Records for the AY 2026-27 return

For the FY 2025-26 return, assemble the year's complete income and tax-credit trail. That usually includes employer certificates, salary slips, bank-interest records, investment or property records where relevant, AIS, Form 26AS, tax challans, deduction evidence, and the final computation. Use the applicable AY form and schedules for the taxpayer's actual income profile.

Do not move an April 2026 receipt, payment, or payroll item into this return simply because it appears while the return is being prepared. First identify whether it relates to income or tax for FY 2025-26, a later period, or a correction by a reporting entity. Keep the explanation beside the relevant record.

Records for current-period compliance

Open a separate file for income, payments, and withholding dated from 1 April 2026 onward. This may include advance-tax estimates and challans, employer or vendor withholding records, business books, invoices, and newly prescribed forms. The final return for this period comes later; the immediate job is to keep the current trail complete and apply the correct framework to each action as it arises.

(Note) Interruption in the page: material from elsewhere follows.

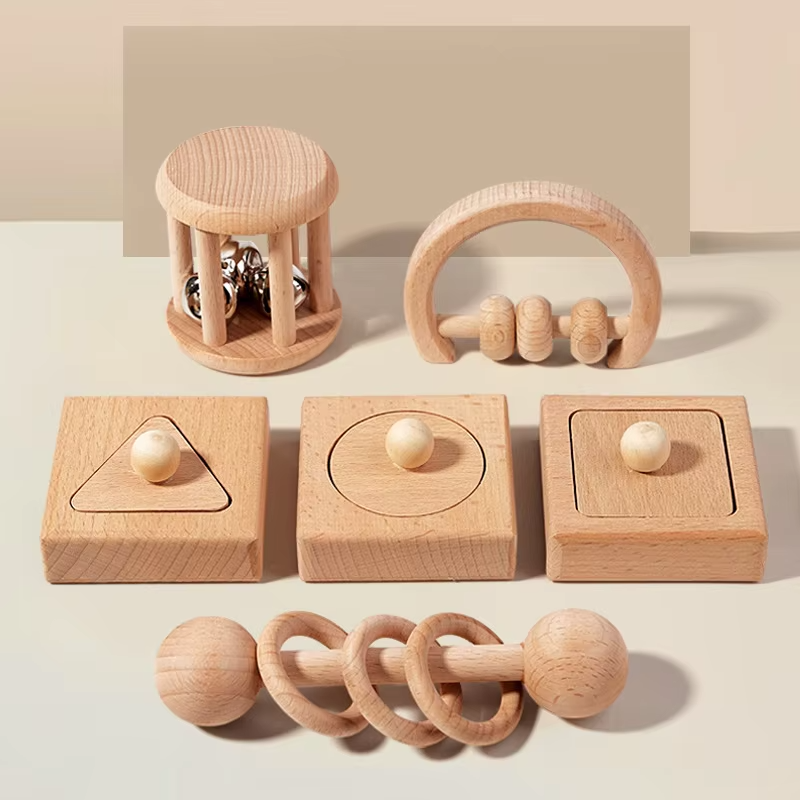 Educational Wooden Cognitive Rattle – Beech Teether Pack, Learning Crawl Toy for Infants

Where a payment spans both periods, split the working by the underlying dates and facts. For example, a late customer receipt may relate to an invoice raised before April, while a new advance-tax instalment relates to the current period. A single bank statement can support both files without turning them into one tax task.

Before submitting or paying

  • Confirm the period covered by every material income and tax-credit figure.
  • Check that the portal year and selected form match the task.
  • Keep AY return records apart from post-April payment and withholding records.
  • Investigate AIS or Form 26AS differences instead of shifting figures between periods to force a match.
  • Retain the computation, source records, payment proof, submitted form, and acknowledgement together.

If the return contains foreign assets, business questions, losses, a notice, or a material unresolved mismatch, pause for document-based review before filing. The transition changes terminology and forms, but it does not make unsupported assumptions safer.